かんちゃん 音楽のある日常

yaplogから移ってきました。日々音楽を聴いて思うことを書き綴っていきます。音楽評論、想い、商品としての音源、コンサート評、などなど。

神奈川県立図書館所蔵CD:ショスタコーヴィチ 弦楽四重奏曲全集2

神奈川県立図書館所蔵CDのコーナー、エマーソンQのショスタコーヴィチ弦楽四重奏曲全集を取り上げていますが、今回はその第2集を取り上げます。

番号順に収録されているこの全集は、まさしくショスタコーヴィチ弦楽四重奏曲の「歴史」を辿る旅となっているわけですが、この第2集では第4番から第6番までが収録されています。

この3つの作品は、ショスタコが人生二度目の苦難に直面した時代に作曲されています。正確には、第4番がジダーノフ批判の時期、第5番がその直後、第3番がスターリンの死後「雪解け」の時期となります。

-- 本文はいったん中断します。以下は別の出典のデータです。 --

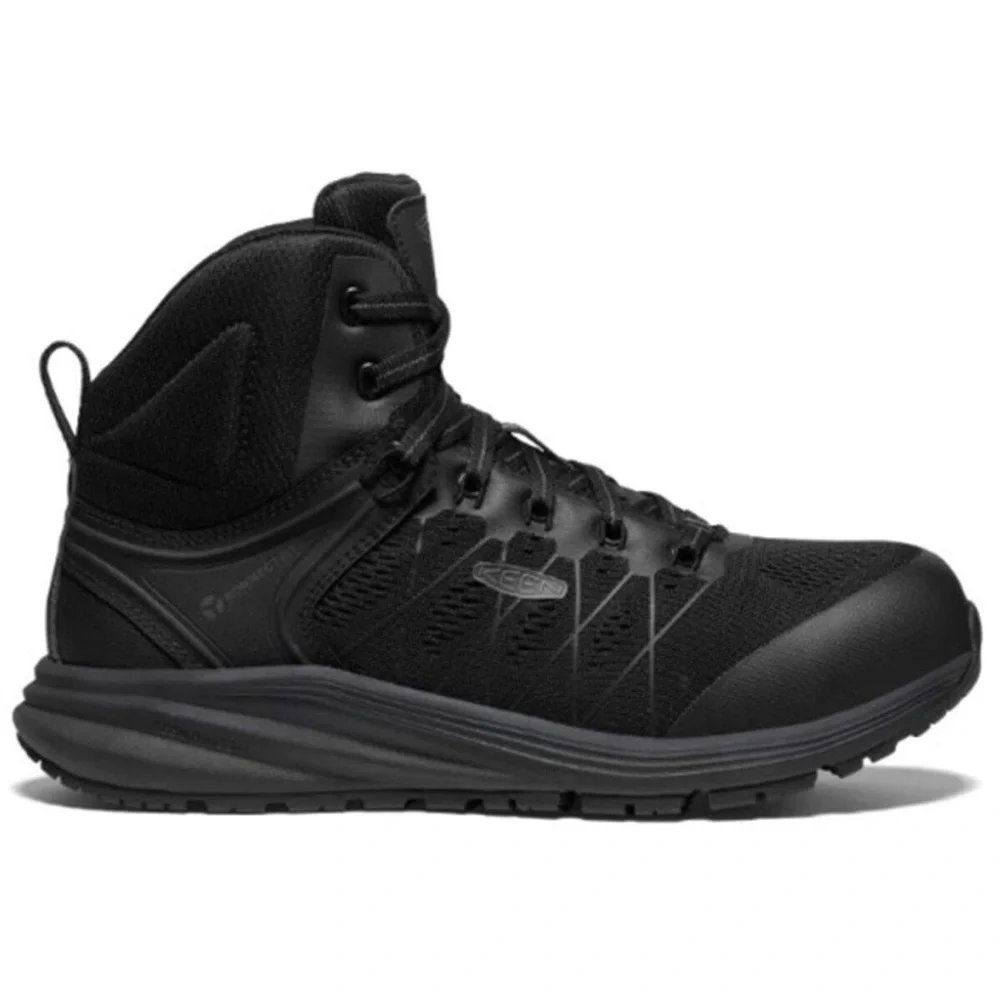 KEEN men vista energy carbon toe boots - medium‎ in black/raven Size 12EE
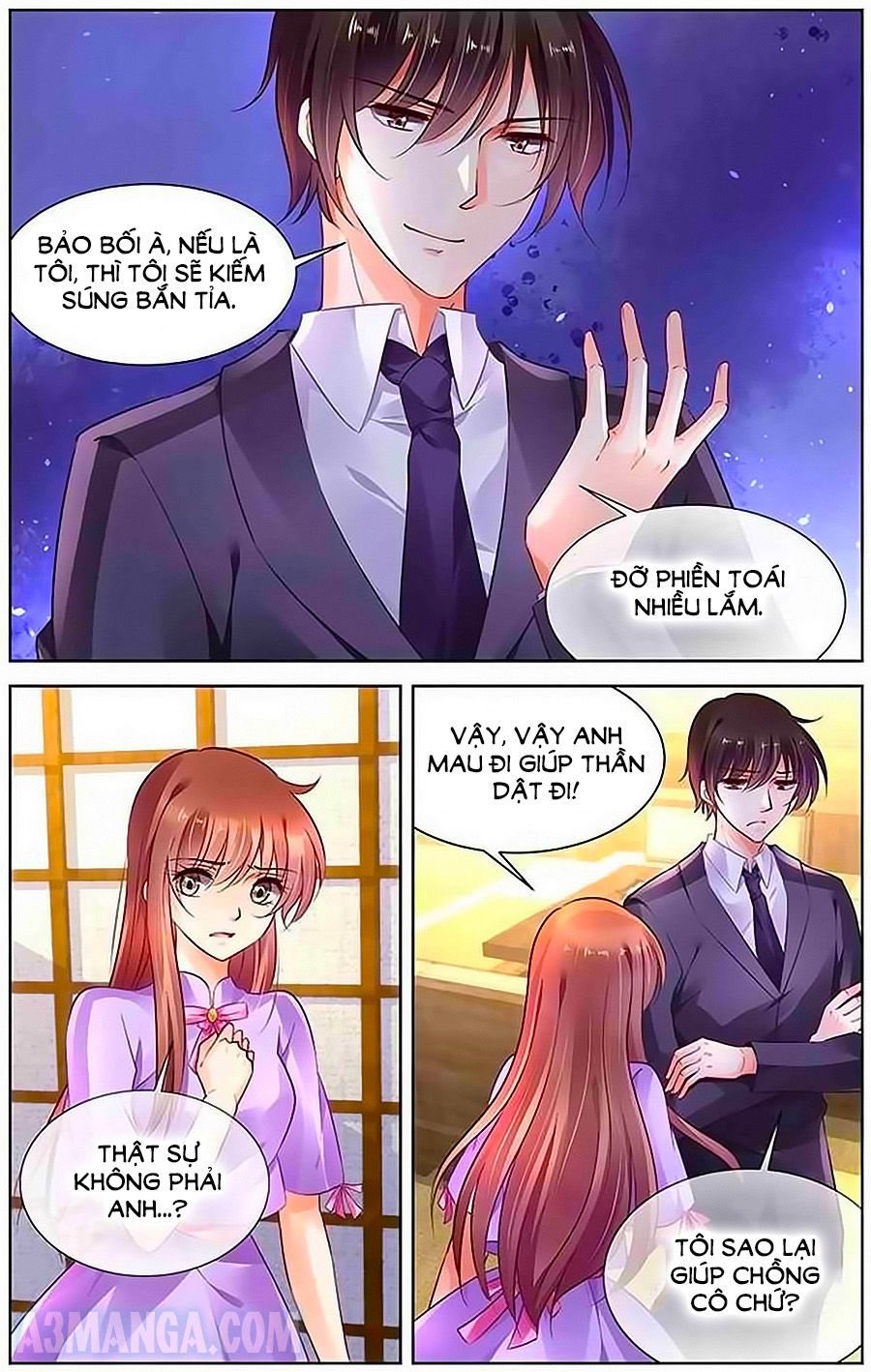 Thuần Tình Nha Đầu Hoả Lạt Lạt 2 - Chương 20 - Trang 3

ウィキを参照してもいいのですが、この3つの作品には、ショスタコーヴィチの「ユダヤ人への共感」があると、ブックレットには載っています。そもそも、旧ソ連ではコスモポリタンであるユダヤ人は、非民族主義的だとして迫害されていました(あれ、今の日本そっくりですねえ)。

社会主義国でそんなことが行なわれていたのかと思う方もいらっしゃるかと思いますが、旧ソ連でもそういうことは行われていたのです。ショスタコが自らへの迫害を、同じ迫害を受けているユダヤ人への共感という形で、表現しているのが第4番だと言えます。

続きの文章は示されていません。